4

I am having issues retrieving the latest value in a satellite table when some data is changed back to a former value.

The database is Snowflake.

As per Data Vault 2.0, I am currently using the hash diff function to assess whether to insert a new record in a satellite table, like this:

INSERT ALL
  WHEN (SELECT COUNT(*) FROM SAT_ACCOUNT_DETAILS AD WHERE AD.MD5_HUB_ACCOUNT = MD5_Account AND AD.HASH_DIFF = AccHashDiff) = 0
  THEN
    INTO SAT_ACCOUNT_DETAILS (MD5_HUB_ACCOUNT
                            , HASH_DIFF
                            , ACCOUNT_CODE
                            , DESCRIPTION
                            , SOME_DETAIL
                            , LDTS)
    VALUES (MD5_AE_Account
          , AccHashDiff
          , AccountCode
          , Description
          , SomeDetail
          , LoadDTS)
SELECT DISTINCT
    MD5(AccountId) As MD5_Account
  , MD5(UPPER(COALESCE(TO_VARCHAR(AccountCode), '')
    || '^' || COALESCE(TO_VARCHAR(Description), '')
    || '^' || COALESCE(TO_VARCHAR(SomeDetail), '')
    )) AS AccHashDiff
  , AccountCode
  , Description
  , SomeDetail
  , LoadDTS
FROM source_table;

The first time, a new record with AccountCode = '100000' and SomeDetail = 'ABC' is added:

MD5_HUB_ACCOUNT HASH_DIFF ACCOUNT_CODE DESCRIPTION SOME_DETAIL LDTS
c81e72... 8d9d43... 100000 An Account ABC 2021-04-08 10:00

An hour later, an update changes the value of SomeDetail to 'DEF', this is the resulting table:

MD5_HUB_ACCOUNT HASH_DIFF ACCOUNT_CODE DESCRIPTION SOME_DETAIL LDTS
c81e72... 8d9d43... 100000 An Account ABC 2021-04-08 10:00
c81e72... a458b2... 100000 An Account DEF 2021-04-08 11:00

A third update sets the value of SomeDetail back to 'ABC', but the record is not inserted in the satellite table, because the value of the hash diff is the same as the first inserted record (i.e. 8d9d43...).
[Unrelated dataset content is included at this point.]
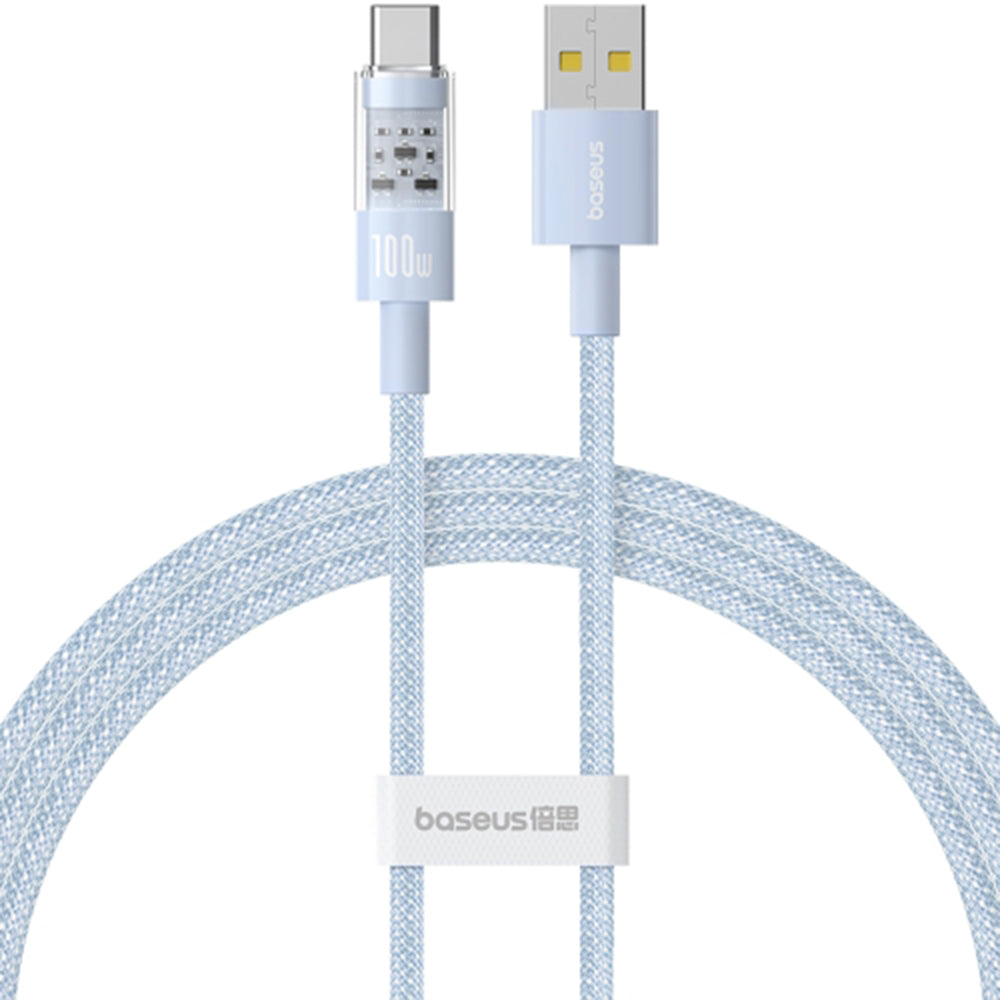 Cablu Date si Incarcare USB-A - USB-C Baseus Gem, 100W, 1m, Bleu P10373002311-00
If I query which is the latest record in the satellite table, the LDTS column tells me it's the one with 'DEF' which is not the desired result. Instead, I should have a record with SomeDetail = 'ABC' and LDTS = '2021-04-08 12:00'.
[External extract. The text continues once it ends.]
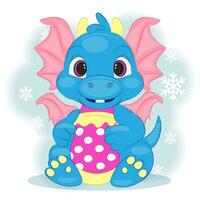 Cute dragon Christmas or New Year vector illustration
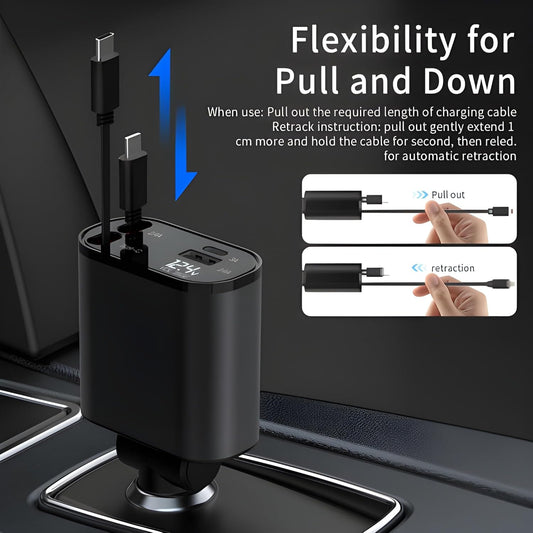 SoulPiks 4‑in‑1 Retractable Car Charger 📱🚗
What is the correct approach to this? If I add LoadDTS to the hash diff, a new record will be created each time an update is pushed, which is not the desired result either.

Roberto B.
  • 41
  • 5
  • for our SCD2 pipeline, we hash the values, but also have a `_is_current` which is true only for the current row, thus we only compare the _current_ row's hashes, when injecting altered data. It does mean you have to alter that row when you do the insert, which I don't recall the pattern of. – Simeon Pilgrim Apr 10 '21 at 00:15
  • _If I query which is the latest record in the satellite table, the LDTS column tells me it's the one with 'DEF'_ But that **is** the latest record? If you compare your incoming record to the latest record it will be different (although with hash there is always a low chance it will not be different) – Nick.Mc Apr 11 '21 at 07:09

1 Answers1

2

As you (and also the standard) mentionned, you need to compare to the last effective record.

I'm not an expert with Snowflake, but it might look like this :

INSERT ALL
  WHEN (SELECT COUNT(*) FROM SAT_ACCOUNT_DETAILS AD WHERE AD.MD5_HUB_ACCOUNT = MD5_Account AND AD.HASH_DIFF = AccHashDiff AND AD.LDTS = (SELECT MAX(LDTS) FROM SAT_ACCOUNT_DETAILS MAD WHERE MAD.MD5_HUB_ACCOUNT = AD.MD5_HUB_ACCOUNT)) = 0
  THEN ....

By adding "AD.LDTS = (SELECT MAX(LDTS) FROM....." to the query, you make sure you test against the latest data and not historical data

MLeblanc
  • 1,816
  • 12
  • 21